Steady-state photoreduction of recombinantly produced proteins was performed under anaerobic conditions as previously described30. 70 µL of protein diluted to 20 µM was applied to a Micro Bio-Spin 6 column (BIO-RAD) equilibrated with a reaction buffer (20 mM phosphate, 500 mM NaCl, 10% glycerol, pH 7.5). An aliquot (60 µL) of the eluate was transferred into an anaerobic 10 × 2 × 8 mm (length × width × height) inner volume quartz cuvette (Starna, 16.160-F/4/Q/10 GL 14/2/Z15). After the cuvette was sealed with a screw cap and PTFE-coated silicone and rubber septa, the air inside the cuvette was replaced with nitrogen through the septa. Further preparation was performed in an anaerobic glovebox. The sample was mixed with L-cysteine (the final concentration was 5 mM) and the reaction buffer up to a total volume of 240 µL under anaerobic and dark conditions.

The anaerobic samples were illuminated with continuous light (430–800 nm) from a MAX-150 xenon lamp (Asahi Spectra) through the 10 mm × 8 mm window on ice (illumination time varied depending on the sample). After shaking the sample gently, an absorption spectrum was recorded through the 10 mm path by a UV–Vis spectrometer Lambda 35 UV–Vis spectrometer (PerkinElmer) or V-730 spectrometer (JASCO)]. The absorbance at 450 nm of the obtained spectra was plotted and fitted with a monophasic exponential decay function with the Origin2019 software.
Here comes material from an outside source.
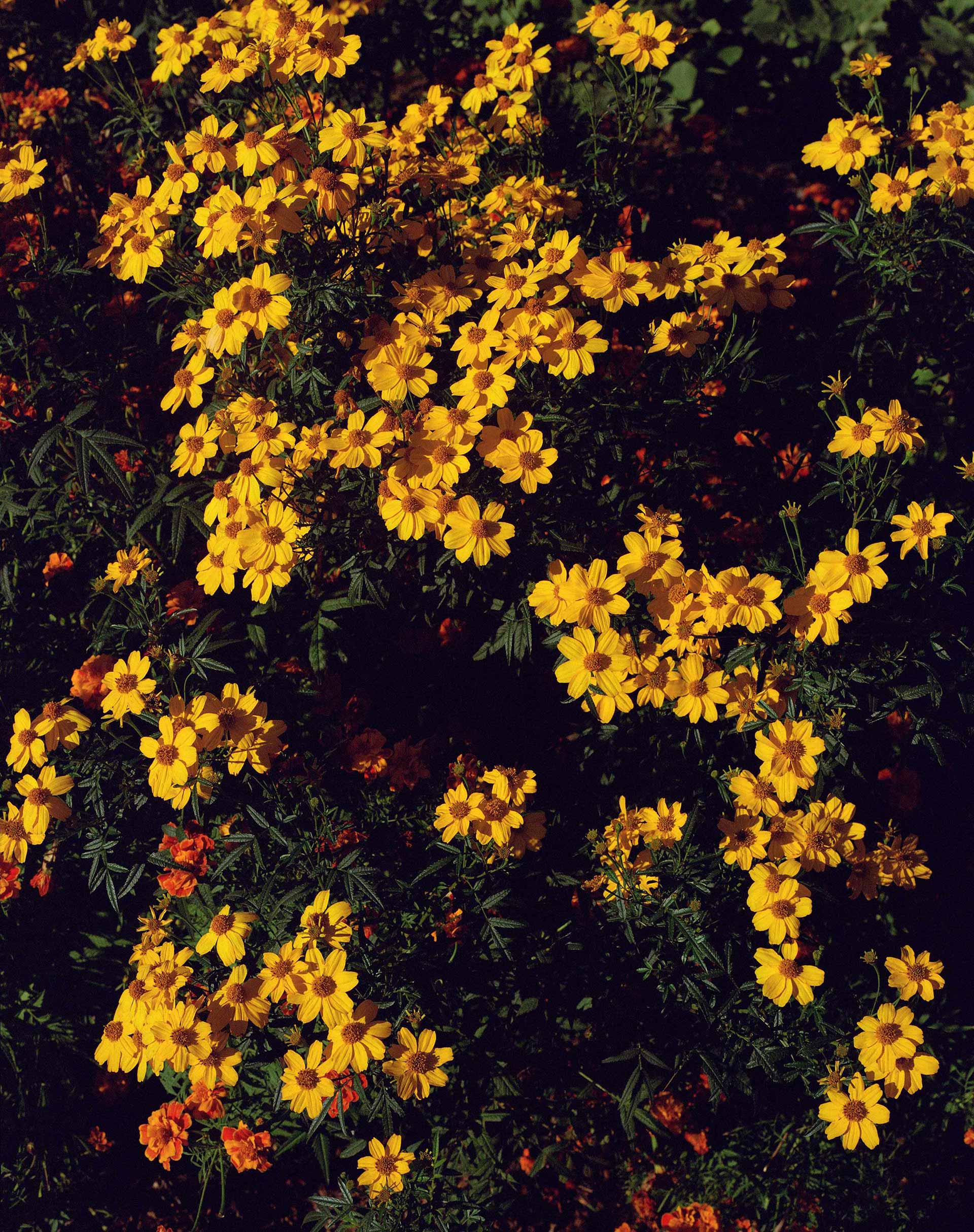 Flowers & Gardens Personal work Ongoing by  Lilli Waters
Transient absorption spectroscopy

The proteins were dissolved in a buffer consisting of 50 mM Tris–HCl (pH 8.0), 500 mM NaCl, and 5% glycerol, at final concentrations of ~ 125 µM for At64-WT and ~ 95 µM for At64-H382S. The transient absorption setup has been described in detail elsewhere21,26,38. Nd:YAG-pumped optical parametric oscillator (OPO; Brilliant B/Rainbow; 5 ns, 480 nm, 2 mJ cm−2) was used as an excitation source. The laser energy was estimated from transient absorption signals using [Ru(bpy)3]2+ as an actinometer37. Monitoring light at two selected wavelengths (457 and 562 nm) was provided by continuous-wave lasers (Cobolt Twist™ and Oxxius 561–25-COL-002, respectively). The measuring light was perpendicular to the excitation laser beam and passed through the sample along the 10-mm path of a 2 × 2 × 10 mm (W × H × L) quartz cell with self-masking solid black walls (Starna). Flash-induced changes of the transmission of the sample were monitored behind the sample by a Si photodiode (Alphalas UPD-500-UP, < 500 ps rise time) coupled to a Tektronix MSO 64 digital oscilloscope with bandwidth limit set to 200 MHz. All shown traces are averages of 16 signals recorded with a repetition rate of 2 Hz. The samples were measured at room temperature. Transient absorption kinetics were determined using the Levenberg–Marquardt least-squares optimization algorithm in Origin 2020 (by OriginLab), globally fitting the trend lines according to the equation: y(t) = A1 × et/τ1 + A2 × et/τ2 + y0.